U.K. expects to recover up to $2.7 billion of COVID loan fraud

U.K. authorities expect to recover as much as 2 billion pounds ($2.7 billion) of fraudulent COVID loans over the next year, Chancellor of the Exchequer Rishi Sunak said on Tuesday.

Sunak was challenged in the House of Commons by his opposite number in the Labour Party, Rachel Reeves, who slammed “the incompetent way in which the business support schemes” were structured during the pandemic, allowing fraudsters to “walk away with 6.5 billion pounds of taxpayers’ money.”

“We are absolutely committed to tackling fraud wherever we see it,” Sunak replied, adding that the number cited by Reeves had been revised down by a third. A new taxpayer protection task force is “expected to recover between 1 and 2 billion pounds over the next 12 months and has already made a good start on that,” he said.
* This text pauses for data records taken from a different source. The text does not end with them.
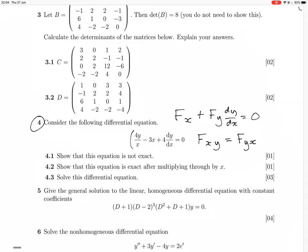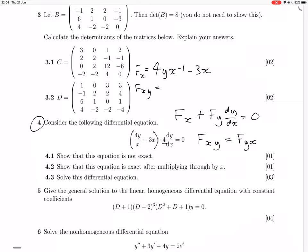So this is going to be the supposed fx, and this is going to be supposed to be fy. And presumably the fact that it's not exact means those things are not going to be equal — those derivatives are not going to equal each other.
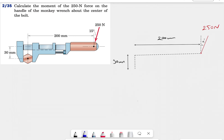Welcome back to the channel. In this video we're going to solve another question about finding a moment in 2D. We have a 250 newton force acting on a monkey wrench, and we need to find the moment about the center of the bolt, which we'll call point O. The angle of the force to vertical is 15 degrees.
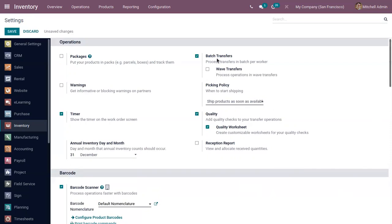Batch picking works well for small companies, while wave picking is appropriate for companies with a large number of stock keeping units. The picking cart in wave picking can typically hold more items than with batch picking. Let's enable wave transfer and save the settings.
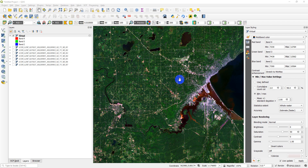Let's cover how to do unsupervised classification of a Landsat image in QGIS. I have some Landsat imagery loaded in here. I'm not going to go over how to download that and load it into QGIS, but I'll link a video below that shows you how you can do that.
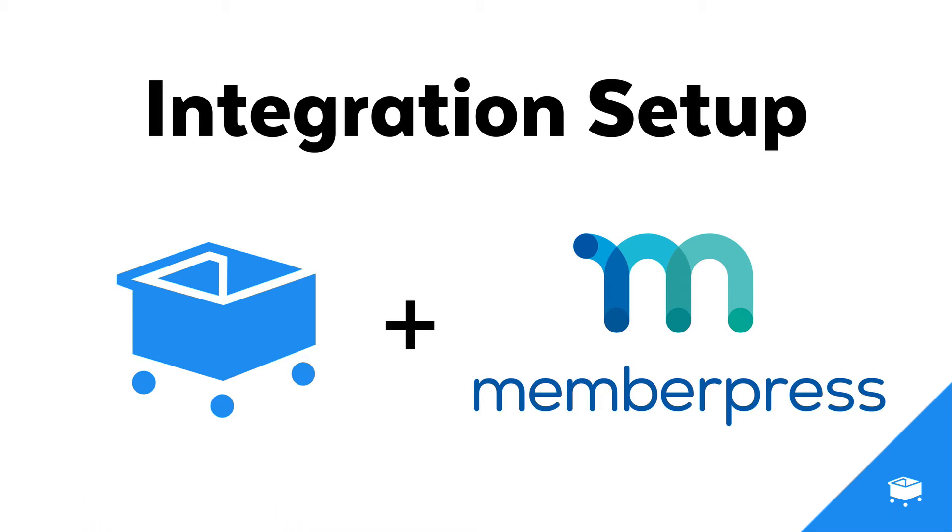Hey, this is Scott from SamCart, and we're going to walk you through how to set up your integration between SamCart and MemberPress.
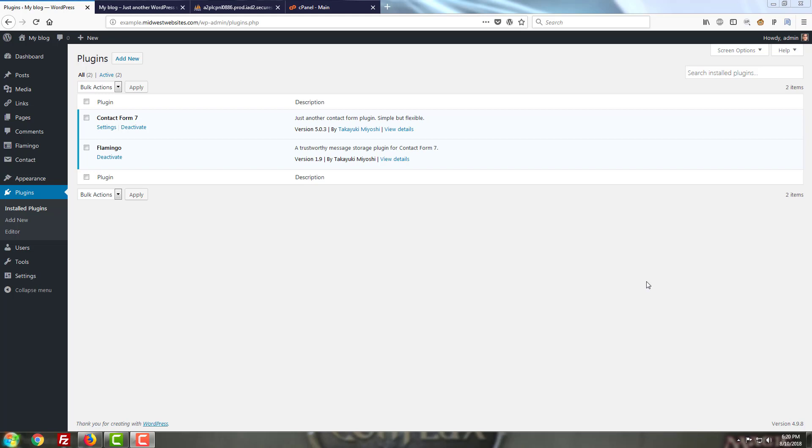Has it been a while since you've gone into your WordPress dashboard to check on your website? Bring it up to date and give it a fresh new look by speaking with our professional web designers. Link in the description below.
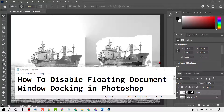Hello friends. In this short and quick video, I'm going to show you how to disable floating document window docking in Photoshop. If you need to disable floating document window, there are some easy steps you need to follow.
The Conservative government is under pressure to minimize losses under its various coronavirus loan programs for businesses amid criticism that checks on borrowers were insufficient, and counterfraud protection measures were rolled out too late.

A report last week by the government spending watchdog, the National Audit Office, said that inadequate fraud protection measures had left the taxpayer exposed to as much as 4.9 billion pounds of losses to fraud under the so-called Bounce Back Loans program, which offered a 100% state guarantee.

Sunak pointed to demands from politicians of all political parties at the time the loans programs were announced for them to be easily and quickly accessible to small businesses. Reeves, he said, had written to him at the time to say the process for small firms to apply for the loans was “cumbersome.”